‘Our Dementia Choir with Vicky McClure’ review: Heartbreaking documentary will leave you in tears

“I keep forgetting I’ve got dementia.” Maybe I am not supposed to feel pity for her, or be amused by the obvious irony, but when 82-year-old Betty tells us about her condition in Our Dementia Choir with Vicky McClure, it breaks one’s heart. Indeed, the cumulative shared pain and emotional trauma of this documentary is such that I ended up pretty much weeping all the way through for people I have never even met.

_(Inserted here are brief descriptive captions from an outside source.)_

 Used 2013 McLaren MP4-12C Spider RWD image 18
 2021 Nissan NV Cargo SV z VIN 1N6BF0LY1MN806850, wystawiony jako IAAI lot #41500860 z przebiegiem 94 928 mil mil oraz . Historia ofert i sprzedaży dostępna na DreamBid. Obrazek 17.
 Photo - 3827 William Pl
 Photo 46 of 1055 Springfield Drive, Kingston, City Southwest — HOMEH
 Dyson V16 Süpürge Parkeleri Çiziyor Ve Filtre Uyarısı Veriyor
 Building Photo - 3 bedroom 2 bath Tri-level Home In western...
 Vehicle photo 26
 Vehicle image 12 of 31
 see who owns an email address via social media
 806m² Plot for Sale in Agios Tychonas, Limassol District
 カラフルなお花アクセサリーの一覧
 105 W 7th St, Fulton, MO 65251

Dementia is just the saddest thing imaginable, and seeing people who have got it singing “Stand By Me”, a tearjerker even in the hands of a bad club singer, is too much. You will have to have had your tear ducts surgically removed not to respond – or work for one of those firms that does the disability assessments for the Department for Work and Pensions. It is gruelling and if, like me, you are on the wrong end of middle age, actually quite terrifying. Emmerdale would be much the better choice of viewing for people with hypochondria tendencies.

This is true despite the ubiquitous presence of Vicky McClure, an engaging, life-affirming, uplifting but down to earth sort of personality. As a well-known actor, primarily for her work in Line of Duty and the This is England series of films, she is using her fame to good purpose. Having watched her nana Iris decline after the onset of Alzheimer’s a few years ago, she wants to help. In particular, she is working with medical researchers at the University of Nottingham and University College London to test the impact music has on people living with dementia. As a Nottingham girl, she’s stayed close to her east midlands roots, and her task is to recruit a team of singers to appear at a huge concert at the Royal Albert Hall.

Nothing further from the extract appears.